Meanwhile, the Hispanic liaison office for the city of Richmond continues its work with Latinos at several outreach centers. Tanya Gonzalez, who directs the program, says that her group helps Hispanics with job placement, English classes, health advice and how to pay taxes, and offers courses such as how to be safe while swimming in the James River. Chesterfield County has a similar program

The community, which numbers about 11,000 in the city, “is very diverse” and comes from all of Latin America, the Caribbean and Spain. “We don't ask if they are documented or undocumented,” she says. One upcoming event that will celebrate the community's diverse Latino community is the Imagine festival scheduled at Broad Rock Park on Oct. 16.
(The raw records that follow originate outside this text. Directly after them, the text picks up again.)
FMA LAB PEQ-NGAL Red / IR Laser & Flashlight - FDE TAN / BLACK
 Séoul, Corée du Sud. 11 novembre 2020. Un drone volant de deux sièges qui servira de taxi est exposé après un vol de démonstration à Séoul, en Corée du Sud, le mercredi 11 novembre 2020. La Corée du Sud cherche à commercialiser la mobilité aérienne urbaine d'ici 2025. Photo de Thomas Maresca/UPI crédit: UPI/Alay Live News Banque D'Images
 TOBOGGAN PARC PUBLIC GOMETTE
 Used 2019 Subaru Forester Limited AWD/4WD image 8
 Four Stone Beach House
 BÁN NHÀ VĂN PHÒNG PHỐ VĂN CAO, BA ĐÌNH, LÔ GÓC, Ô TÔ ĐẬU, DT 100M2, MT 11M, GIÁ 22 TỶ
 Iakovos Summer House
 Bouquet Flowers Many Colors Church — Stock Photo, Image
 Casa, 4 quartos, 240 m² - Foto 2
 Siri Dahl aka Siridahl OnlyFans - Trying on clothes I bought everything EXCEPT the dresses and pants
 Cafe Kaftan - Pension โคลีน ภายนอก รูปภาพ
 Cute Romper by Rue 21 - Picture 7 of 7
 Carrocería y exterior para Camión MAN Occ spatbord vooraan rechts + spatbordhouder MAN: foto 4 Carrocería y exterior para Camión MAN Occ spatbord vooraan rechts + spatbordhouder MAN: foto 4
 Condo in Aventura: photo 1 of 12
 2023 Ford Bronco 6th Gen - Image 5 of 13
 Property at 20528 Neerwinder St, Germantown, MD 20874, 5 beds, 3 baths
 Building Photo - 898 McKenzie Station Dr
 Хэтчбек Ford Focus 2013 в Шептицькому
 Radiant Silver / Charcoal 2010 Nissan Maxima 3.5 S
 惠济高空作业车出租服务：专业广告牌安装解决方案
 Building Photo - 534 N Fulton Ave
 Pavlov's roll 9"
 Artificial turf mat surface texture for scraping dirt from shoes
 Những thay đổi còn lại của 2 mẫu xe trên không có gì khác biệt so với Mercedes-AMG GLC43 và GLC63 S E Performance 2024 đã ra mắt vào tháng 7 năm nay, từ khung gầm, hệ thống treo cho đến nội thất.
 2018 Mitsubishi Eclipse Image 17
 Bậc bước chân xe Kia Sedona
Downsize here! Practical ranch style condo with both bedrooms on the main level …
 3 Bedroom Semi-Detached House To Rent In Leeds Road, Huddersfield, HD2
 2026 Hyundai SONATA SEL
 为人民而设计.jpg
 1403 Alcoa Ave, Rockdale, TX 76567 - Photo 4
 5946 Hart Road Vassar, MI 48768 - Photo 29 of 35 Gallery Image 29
Asked if the city coordinates with the state on Hispanic issues, Gonzalez says it used to, but Gov. McDonnell hasn't appointed a state Hispanic liaison official yet. The position was created by former Gov. Mark Warner and continued by Gov. Tim Kaine.

Nationally, as strong-arm approaches such as Arizona's meet judicial roadblocks, states are considering other ways of dealing with illegal immigration. Utah, for instance, had considered an Arizona-style law, but is dropping the idea in favor of a state-run “guest worker” program. In it, Utah businesses would go to a state office with requests for workers from Mexico or other countries. The office would contact officials in Mexico who would recruit the workers and coordinate visa and other permits with U.S. authorities.

Yet passions run high, and Stewart's statewide bill might have legs. While the Martinelly Montano case may have encouraged the anti-illegal sentiment, it also offers an instructive lesson.

On the night of Aug. 2, the doorbell rang at the two-story, red brick monastery where the one dead and two injured nuns had been heading when the accident occurred, according to The Washington Post. At the door were a man and a woman, the parents of Martinelly Montano. Their hands were at their sides and their eyes were cast down. They said they wanted to talk about the accident and ask for forgiveness.